Brief descriptive captions:
==========

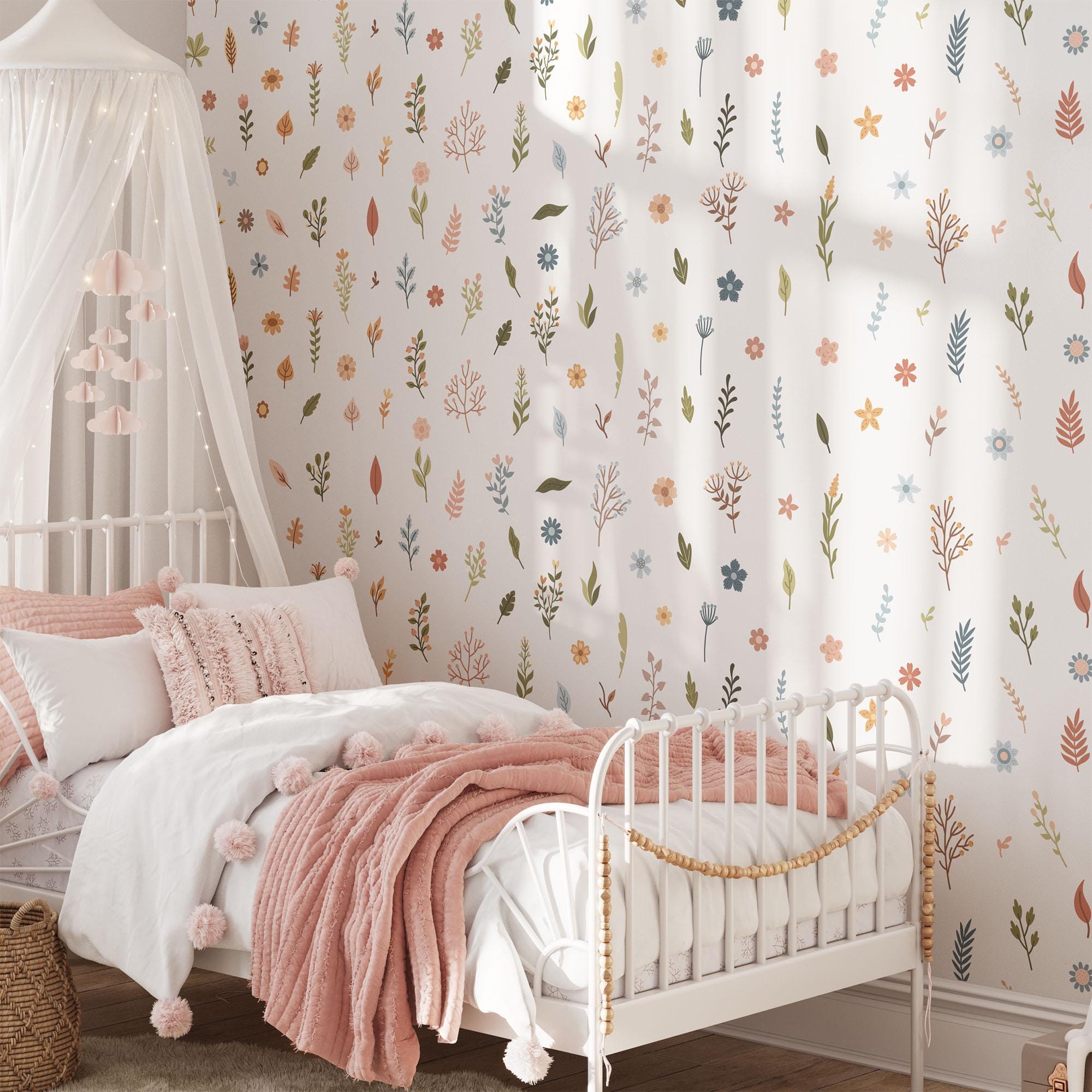 Wild Flower Nursery Wall Stickers, Kids Room Floral Wall Decal, Nursery Theme, Playroom, Bedroom Decor, Peel & Stick Nature Decals,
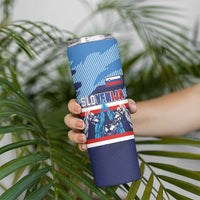 Custom Slovenia Sport Fan Jersey Skinny Tumbler Broken Ice Style Patterns - Wonder Print Shop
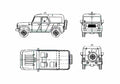 Blueprint UAZ 31531 Police Wagon 2003 A4 Photo Print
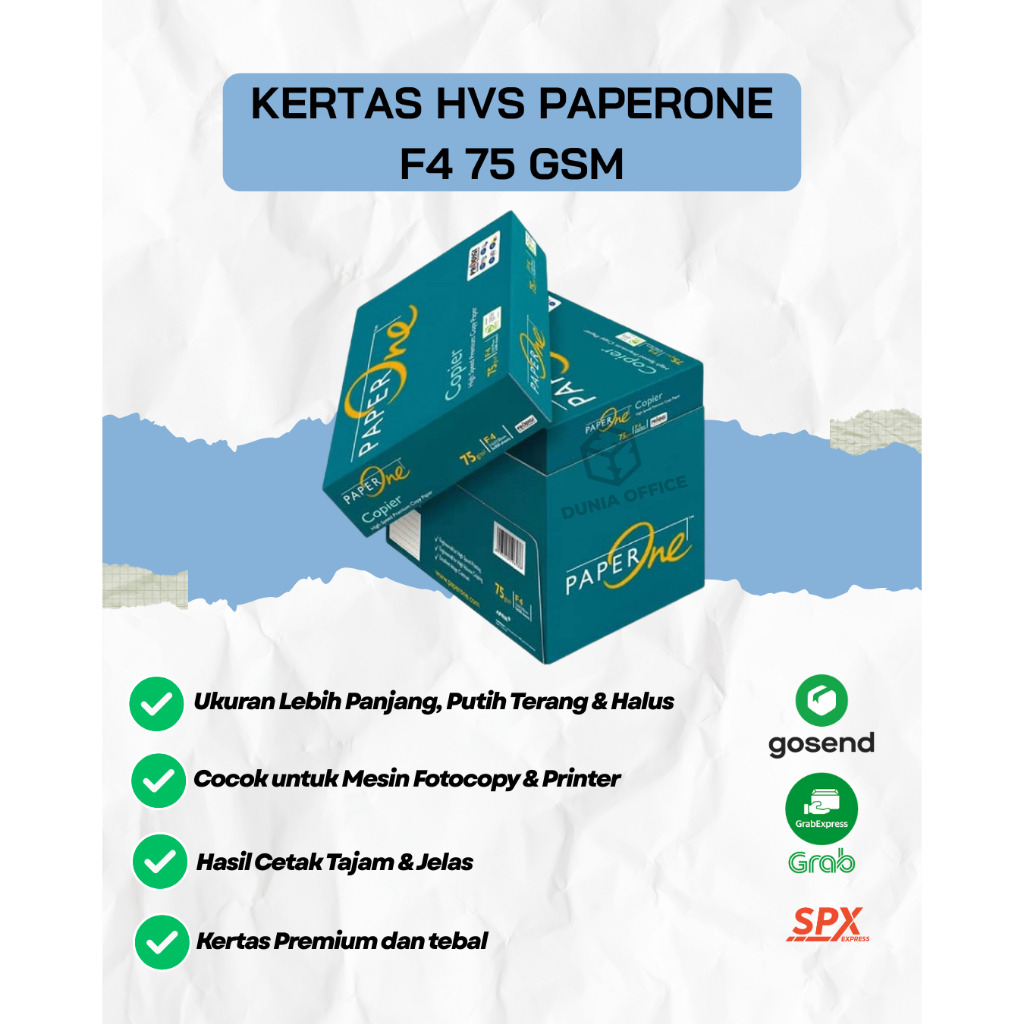 Jual Kertas HVS Folio F4 75 Gsm PAPERONE Isi 1 Dus (5 Rim) | Shopee ...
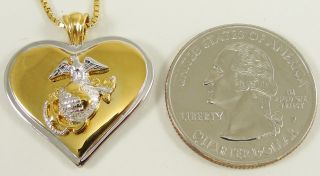USMC Sterling Silver 24K Yellow Gold Plated Always in My Heart Pendant Necklace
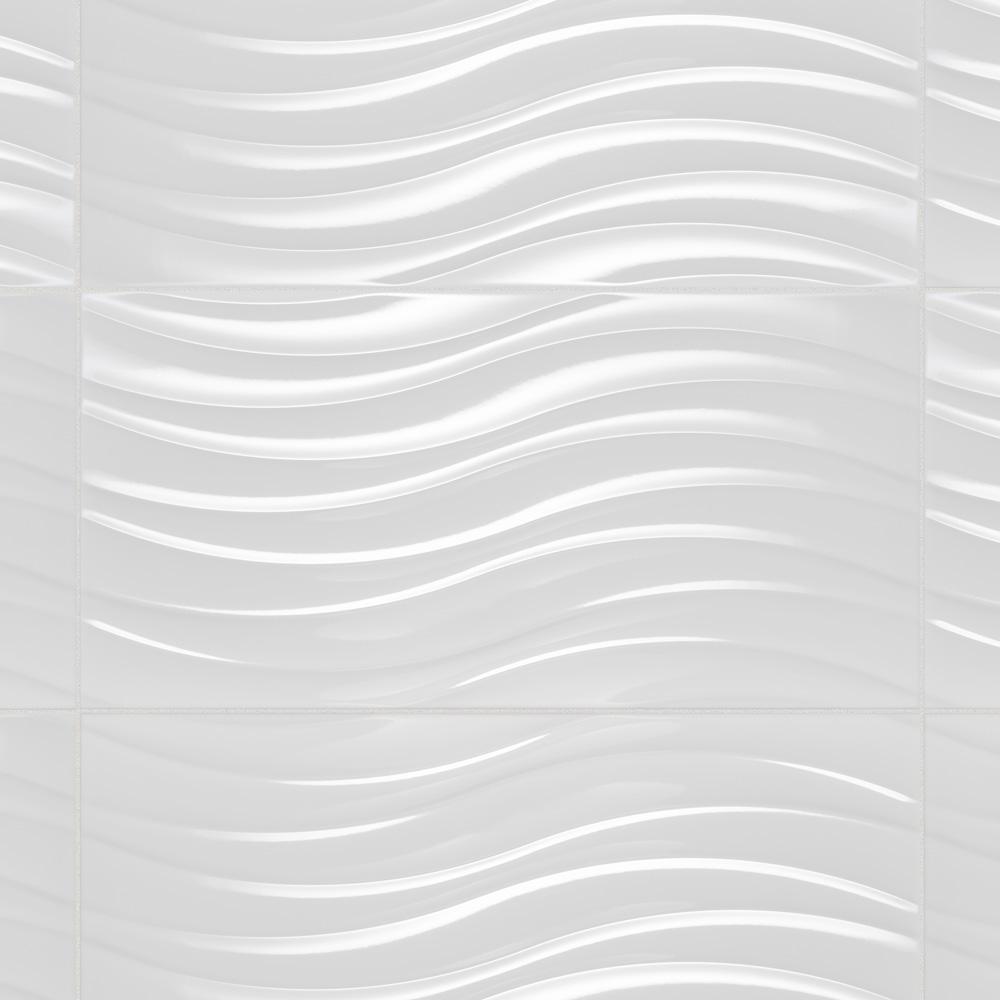 Merola Tile Silueta Blanco Brillo 12-3/8 in. x 24-7/8 in. Ceramic Wall Tile (15.42 sq. ft. / case)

==========

Please set the data above down exactly, with the pictures removed.

Solution for this problem:
 Wild Flower Nursery Wall Stickers, Kids Room Floral Wall Decal, Nursery Theme, Playroom, Bedroom Decor, Peel & Stick Nature Decals,
 Custom Slovenia Sport Fan Jersey Skinny Tumbler Broken Ice Style Patterns - Wonder Print Shop
 Blueprint UAZ 31531 Police Wagon 2003 A4 Photo Print
 Jual Kertas HVS Folio F4 75 Gsm PAPERONE Isi 1 Dus (5 Rim) | Shopee ...
USMC Sterling Silver 24K Yellow Gold Plated Always in My Heart Pendant Necklace
 Merola Tile Silueta Blanco Brillo 12-3/8 in. x 24-7/8 in. Ceramic Wall Tile (15.42 sq. ft. / case)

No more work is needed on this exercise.